我正在监视一个Cpanel(centos)服务器,它有一个2核cpu(4个虚拟cpu核心),它似乎过载,因为我使用top获得了这个值:
load average: 11.80,13.30,13.02 cpu(s): 42.2%us,11.7%sy,0.0%ni,35.6%id,10.1%wa,0.1%hi,0.3%si,0.0%st
但是,如果我查看进程列表(使用top或ps)没有进程使用更多1%
此外,进程cpu使用率(%)的总和等于4,如果我甚至假设0%值是舍入数字,并将其更改为0.04(使用1个十进制数字舍入为0),则总和为11(仍小于100%).

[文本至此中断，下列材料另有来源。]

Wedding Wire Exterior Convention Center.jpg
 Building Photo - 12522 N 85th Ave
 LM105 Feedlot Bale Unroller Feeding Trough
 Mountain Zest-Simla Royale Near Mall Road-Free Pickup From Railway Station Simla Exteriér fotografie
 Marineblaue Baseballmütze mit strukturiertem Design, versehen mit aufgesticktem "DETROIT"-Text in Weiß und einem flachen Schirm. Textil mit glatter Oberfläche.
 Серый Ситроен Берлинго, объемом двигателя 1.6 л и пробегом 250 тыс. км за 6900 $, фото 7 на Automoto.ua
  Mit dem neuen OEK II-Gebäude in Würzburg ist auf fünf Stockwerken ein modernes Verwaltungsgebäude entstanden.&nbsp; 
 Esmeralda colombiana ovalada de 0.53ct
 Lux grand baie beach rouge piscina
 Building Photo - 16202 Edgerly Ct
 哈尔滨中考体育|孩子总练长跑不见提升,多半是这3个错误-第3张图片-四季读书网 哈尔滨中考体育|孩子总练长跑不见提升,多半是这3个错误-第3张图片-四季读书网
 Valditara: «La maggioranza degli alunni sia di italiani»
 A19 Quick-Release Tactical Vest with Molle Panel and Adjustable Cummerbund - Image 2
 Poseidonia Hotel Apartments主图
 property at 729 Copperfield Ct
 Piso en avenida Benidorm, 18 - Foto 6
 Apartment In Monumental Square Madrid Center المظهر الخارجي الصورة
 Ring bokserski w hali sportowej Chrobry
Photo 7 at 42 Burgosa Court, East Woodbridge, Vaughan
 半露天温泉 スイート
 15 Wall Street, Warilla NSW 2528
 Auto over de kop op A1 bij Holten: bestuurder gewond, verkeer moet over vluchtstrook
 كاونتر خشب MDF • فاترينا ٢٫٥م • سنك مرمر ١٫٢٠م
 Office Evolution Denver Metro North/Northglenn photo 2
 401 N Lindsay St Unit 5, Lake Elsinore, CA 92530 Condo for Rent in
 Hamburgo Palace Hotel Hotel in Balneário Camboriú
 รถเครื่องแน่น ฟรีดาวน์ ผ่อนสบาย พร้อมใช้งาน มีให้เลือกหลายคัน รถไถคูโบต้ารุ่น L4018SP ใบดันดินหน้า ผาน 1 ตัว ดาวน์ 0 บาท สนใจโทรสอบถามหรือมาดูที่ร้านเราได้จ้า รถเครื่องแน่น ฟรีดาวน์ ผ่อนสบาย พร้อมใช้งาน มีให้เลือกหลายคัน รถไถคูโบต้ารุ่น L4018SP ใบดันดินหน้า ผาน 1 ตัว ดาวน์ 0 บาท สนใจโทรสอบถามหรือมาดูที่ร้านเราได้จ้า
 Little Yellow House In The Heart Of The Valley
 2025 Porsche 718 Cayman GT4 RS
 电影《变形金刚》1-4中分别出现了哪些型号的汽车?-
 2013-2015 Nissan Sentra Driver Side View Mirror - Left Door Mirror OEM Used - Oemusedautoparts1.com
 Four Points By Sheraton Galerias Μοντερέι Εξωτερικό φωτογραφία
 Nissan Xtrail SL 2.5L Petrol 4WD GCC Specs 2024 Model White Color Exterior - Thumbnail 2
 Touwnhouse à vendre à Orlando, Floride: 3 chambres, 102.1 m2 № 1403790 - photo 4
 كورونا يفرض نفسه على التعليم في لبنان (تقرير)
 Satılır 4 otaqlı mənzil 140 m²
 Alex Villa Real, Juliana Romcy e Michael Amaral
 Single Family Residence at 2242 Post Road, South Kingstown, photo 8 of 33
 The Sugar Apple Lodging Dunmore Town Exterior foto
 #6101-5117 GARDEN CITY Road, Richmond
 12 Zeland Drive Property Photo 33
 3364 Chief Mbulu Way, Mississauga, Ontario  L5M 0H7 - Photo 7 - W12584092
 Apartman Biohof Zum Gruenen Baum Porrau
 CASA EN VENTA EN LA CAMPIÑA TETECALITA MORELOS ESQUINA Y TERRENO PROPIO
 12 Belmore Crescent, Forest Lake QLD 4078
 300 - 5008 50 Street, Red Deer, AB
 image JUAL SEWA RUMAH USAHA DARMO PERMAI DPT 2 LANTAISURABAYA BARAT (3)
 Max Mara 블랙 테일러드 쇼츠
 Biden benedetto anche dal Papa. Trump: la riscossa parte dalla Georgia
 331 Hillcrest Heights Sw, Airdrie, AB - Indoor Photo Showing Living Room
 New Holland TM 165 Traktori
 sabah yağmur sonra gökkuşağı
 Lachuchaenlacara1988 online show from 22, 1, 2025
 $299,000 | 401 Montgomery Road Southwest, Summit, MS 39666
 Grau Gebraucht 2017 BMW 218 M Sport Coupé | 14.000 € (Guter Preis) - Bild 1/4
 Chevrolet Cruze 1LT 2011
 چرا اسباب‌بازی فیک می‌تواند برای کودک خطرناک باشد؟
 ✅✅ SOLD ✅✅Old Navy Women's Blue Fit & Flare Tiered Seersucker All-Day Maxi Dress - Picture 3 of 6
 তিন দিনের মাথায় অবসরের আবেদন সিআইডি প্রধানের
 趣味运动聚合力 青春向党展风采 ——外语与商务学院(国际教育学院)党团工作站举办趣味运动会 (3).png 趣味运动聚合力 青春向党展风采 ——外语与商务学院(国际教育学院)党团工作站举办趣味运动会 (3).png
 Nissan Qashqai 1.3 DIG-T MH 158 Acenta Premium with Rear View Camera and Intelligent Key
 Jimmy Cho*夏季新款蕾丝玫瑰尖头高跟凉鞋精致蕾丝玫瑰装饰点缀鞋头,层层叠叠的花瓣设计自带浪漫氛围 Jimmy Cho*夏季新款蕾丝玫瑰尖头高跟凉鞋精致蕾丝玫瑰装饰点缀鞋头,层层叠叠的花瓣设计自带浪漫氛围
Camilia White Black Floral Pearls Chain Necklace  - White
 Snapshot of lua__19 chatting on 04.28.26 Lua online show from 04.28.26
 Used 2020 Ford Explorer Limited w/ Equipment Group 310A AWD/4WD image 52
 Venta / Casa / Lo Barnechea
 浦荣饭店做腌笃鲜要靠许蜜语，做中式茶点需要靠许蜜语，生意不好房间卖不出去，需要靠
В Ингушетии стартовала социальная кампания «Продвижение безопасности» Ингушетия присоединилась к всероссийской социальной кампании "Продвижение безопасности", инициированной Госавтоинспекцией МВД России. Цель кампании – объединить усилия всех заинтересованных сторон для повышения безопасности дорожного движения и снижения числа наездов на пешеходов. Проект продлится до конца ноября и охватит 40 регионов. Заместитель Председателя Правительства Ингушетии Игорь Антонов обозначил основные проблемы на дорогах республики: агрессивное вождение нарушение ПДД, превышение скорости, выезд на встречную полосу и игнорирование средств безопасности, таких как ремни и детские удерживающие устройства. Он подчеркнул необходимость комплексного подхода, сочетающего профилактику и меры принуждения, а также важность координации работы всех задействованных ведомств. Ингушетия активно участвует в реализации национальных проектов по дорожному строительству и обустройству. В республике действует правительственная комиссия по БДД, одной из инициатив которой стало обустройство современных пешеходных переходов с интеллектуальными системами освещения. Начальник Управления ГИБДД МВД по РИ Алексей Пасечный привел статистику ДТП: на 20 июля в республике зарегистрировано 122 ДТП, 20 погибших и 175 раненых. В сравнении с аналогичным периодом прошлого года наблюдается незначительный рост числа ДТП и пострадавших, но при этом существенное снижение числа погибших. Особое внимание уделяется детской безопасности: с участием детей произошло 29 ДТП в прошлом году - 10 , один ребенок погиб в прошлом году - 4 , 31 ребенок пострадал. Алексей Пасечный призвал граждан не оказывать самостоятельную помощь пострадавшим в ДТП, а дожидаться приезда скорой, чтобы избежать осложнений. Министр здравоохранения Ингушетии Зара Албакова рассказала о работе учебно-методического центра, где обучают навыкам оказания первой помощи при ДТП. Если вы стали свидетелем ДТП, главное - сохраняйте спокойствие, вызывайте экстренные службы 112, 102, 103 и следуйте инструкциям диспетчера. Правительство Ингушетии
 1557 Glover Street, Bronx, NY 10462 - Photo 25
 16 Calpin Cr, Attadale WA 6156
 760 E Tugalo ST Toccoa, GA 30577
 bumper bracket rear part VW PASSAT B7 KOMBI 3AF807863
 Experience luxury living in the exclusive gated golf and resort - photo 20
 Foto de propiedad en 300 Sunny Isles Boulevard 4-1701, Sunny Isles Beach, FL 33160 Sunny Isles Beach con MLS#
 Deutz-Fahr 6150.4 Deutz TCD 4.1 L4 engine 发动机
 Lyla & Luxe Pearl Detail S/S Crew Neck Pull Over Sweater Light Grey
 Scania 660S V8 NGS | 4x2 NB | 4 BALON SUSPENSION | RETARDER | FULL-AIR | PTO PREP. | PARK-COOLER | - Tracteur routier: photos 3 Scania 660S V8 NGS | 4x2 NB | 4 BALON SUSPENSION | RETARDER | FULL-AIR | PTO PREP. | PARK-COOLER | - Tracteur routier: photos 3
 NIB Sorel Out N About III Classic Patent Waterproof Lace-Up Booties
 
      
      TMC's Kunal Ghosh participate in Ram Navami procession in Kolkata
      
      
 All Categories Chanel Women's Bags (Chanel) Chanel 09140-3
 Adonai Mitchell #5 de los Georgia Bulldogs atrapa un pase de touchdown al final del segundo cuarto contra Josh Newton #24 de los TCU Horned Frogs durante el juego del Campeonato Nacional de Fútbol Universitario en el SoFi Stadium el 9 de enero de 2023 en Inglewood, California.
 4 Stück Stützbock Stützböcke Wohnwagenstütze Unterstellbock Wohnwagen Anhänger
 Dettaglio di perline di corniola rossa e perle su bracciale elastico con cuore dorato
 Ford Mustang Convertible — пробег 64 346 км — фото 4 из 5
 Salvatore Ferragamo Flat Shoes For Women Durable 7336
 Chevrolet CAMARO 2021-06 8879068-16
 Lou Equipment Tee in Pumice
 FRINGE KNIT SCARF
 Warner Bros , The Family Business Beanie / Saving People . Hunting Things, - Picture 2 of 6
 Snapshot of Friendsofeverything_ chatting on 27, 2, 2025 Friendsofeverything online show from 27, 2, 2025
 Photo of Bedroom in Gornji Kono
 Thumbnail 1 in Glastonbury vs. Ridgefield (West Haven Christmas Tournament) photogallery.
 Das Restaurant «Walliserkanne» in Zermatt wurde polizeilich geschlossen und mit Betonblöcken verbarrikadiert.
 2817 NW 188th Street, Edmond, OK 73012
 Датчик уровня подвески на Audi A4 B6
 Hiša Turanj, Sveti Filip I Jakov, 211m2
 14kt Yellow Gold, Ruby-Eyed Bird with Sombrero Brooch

我怎样才能正确解释这些数据?是否有一些隐藏的过程会使我的cpu过载.
解决方法
ps手册页中的完整状态列表是
D Uninterruptible sleep (usually IO) R Running or runnable (on run queue) S Interruptible sleep (waiting for an event to complete) T Stopped,either by a job control signal or because it is being traced. W paging (not valid since the 2.6.xx kernel) X dead (should never be seen) Z Defunct ("zombie") process,terminated but not reaped by its parent.
样本输出
F S UID PID PPID C PRI NI ADDR SZ WCHAN TTY TIME CMD 4 S 0 1 0 0 80 0 - 4906 poll_s ? 00:00:23 init 1 S 0 2 0 0 80 0 - 0 kthrea ? 00:00:02 kthreadd 1 R 0 3 0 99 80 0 - 0 ? 01:00:02 runner 1 D 0 4 0 1 80 0 - 0 ? 01:00:02 loader
如果这些是您唯一的进程,我们会看到cpu占用“跑步者”的负载大约为2,1,而等待磁盘的装载程序则为1.
非常精确的是Wikipedia上提供的信息
An idle computer has a load number of 0. Each process using or waiting for cpu (the ready queue or run queue) increments the load number by 1. Most UNIX systems count only processes in the running (on cpu) or runnable (waiting for cpu) states. However,Linux also includes processes in uninterruptible sleep states (usually waiting for disk activity),which can lead to markedly different results if many processes remain blocked in I/O due to a busy or stalled I/O system.07001 This,for example,includes processes blocking due to an NFS server failure or to slow media (e.g.,USB 1.x storage devices). Such circumstances can result in an elevated load average,which does not reflect an actual increase in cpu use (but still gives an idea on how long users have to wait).